In practice, the actions of humane interference are always carried out by national quotas, which can imply two relatively different situations:

The Right of interference , term created by the philosopher Jean-François Revel in 1979, is the recognition of the right which have one or more nations to violate the national sovereignty of another State, within the framework of a mandate granted by the supranational authority. In practice, in the name of the humane urgency, it is not rare that the mandate is provided retroactively; thus the intervention of the France in Ivory Coast was done initially without mandate of UNO (this example is criticizable because France was reached within the framework of the agreements of defense which bind it to the Ivory Coast).

The to have of interference is the obligation which is made in any State provide assistance, at the request of the supranational authority. It is obvious that it is this concept which is closest to the original concept of humane interference. It is also largely rejected by the Member States of UNO which see an unacceptable questioning there their prerogatives.

Limits

In spite of the generous ideas of the concept, which places at the first rank of the values like the democracy or the respect of the rights of the human person, it right from the start caused the questioning, even criticism.

In the facts, a mission of interference is sometimes contrary with the fundamental objectives of UNO (the maintenance of peace), in any case always in contradiction with article 2.7 of the Charter of the United Nations: “No provision of this charter authorizes the United Nations to intervene in the businesses which primarily raise of the national competence of a State” .

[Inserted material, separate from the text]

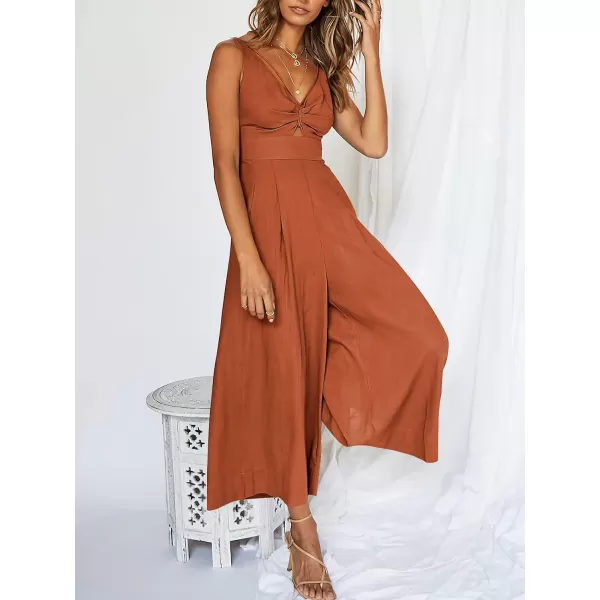 Caracilia Women's 2023 Summer Wide Leg Jumpsuits Adjustable Straps V Neck Cutout Linen Rompers with Pockets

For many lawyers, the creation of this concept does not take place to be. Indeed, the Charter of the United Nations contains already many provisions going in this direction, in particular, in Chapters VI and VII. It would thus not be of the creation of a new right, but simply about the implementation of already existing rights.

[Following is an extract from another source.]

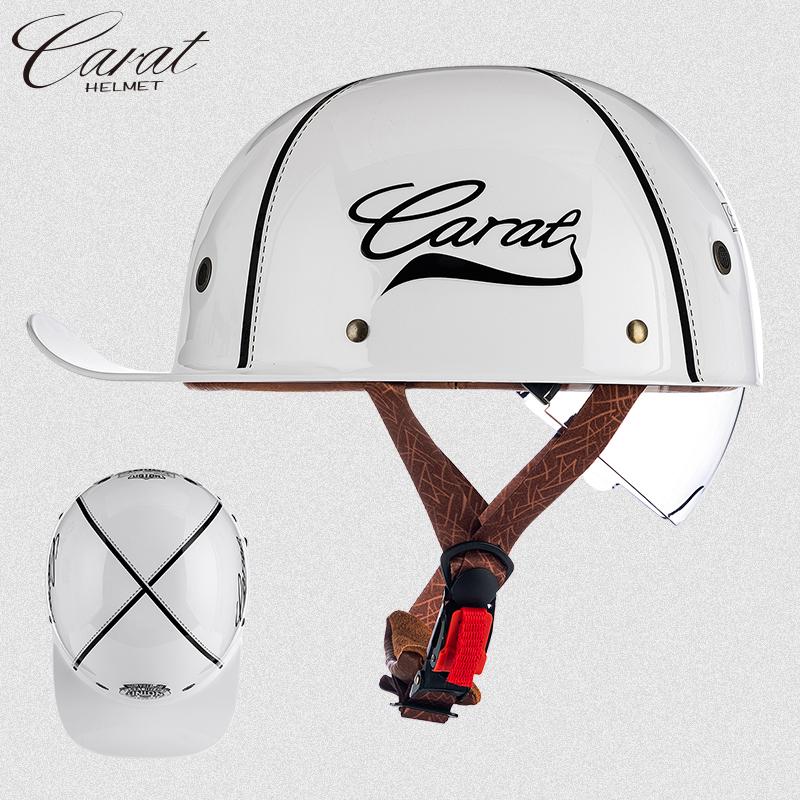 Motorcycle Retro Half Helmet with Blue Built-in Lenses Baseball Helmet For Harley Motorcycle Electric Scooter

More fundamental than this problem of right, the humane interference suffers from a certain number of contradictions which are mainly due to the confusion voluntarily maintained between right and duty of interference. It is indeed difficult under these conditions of separating the humane mobiles, of the political mobiles and of making sure of the total satisfying of the intervening powers. There is always a risk that the humanitarian serf only of pretext to a will imperialist.

Although she wants to be universal, the declaration of the human rights is strongly influenced by work of the Western philosophers of the Century of the lights and more generally by morals Judeo-Christian. The interference was thus always an action directed since north towards the countries of the south. It is thus not very probable that quotas Ruanda is will be one operations manager day of maintenance of peace in Northern Ireland, or that the Lebanese one will intervene with the Basque Country.

Actually the powerful States have little risk to be the target of an action of interference. For example the populations of Chetchnia are undoubtedly as much in danger today that were to it the Kosovan it there a few years, but the Russia being infinitely more powerful on the international scene than the Serbia, it is not very probable that an international action is set up.

It is thus logical that such a dissymmetrical handing-over of cause of the sovereignty of the States encounters very strong reserves. Thus the top of the G-77, which joins together the poorest states, with condemned in 1990 the “alleged right of humane intervention” proposed by the great powers.

In occident also the humane interference has opponents. Many finds that it resembles a little too much the colonialism of the XIXe century, propagating the values of the liberal democracy and regarding the other cultures as negligible quantity. It to him is also reproached its event-driven character: it tends to be expressed in the heat of the action, to give clear conscience to Western televiewers, and to neglect the conflicts forgotten by the chronic media or distresses.

As the open crisis around the American intervention in Iraq proves it, delicate balance between the repression of the torturers and the respect of the sovereign equality of the nations thus remains to be found.

The recent business of the Arch of Zoe feeds even more the controversy.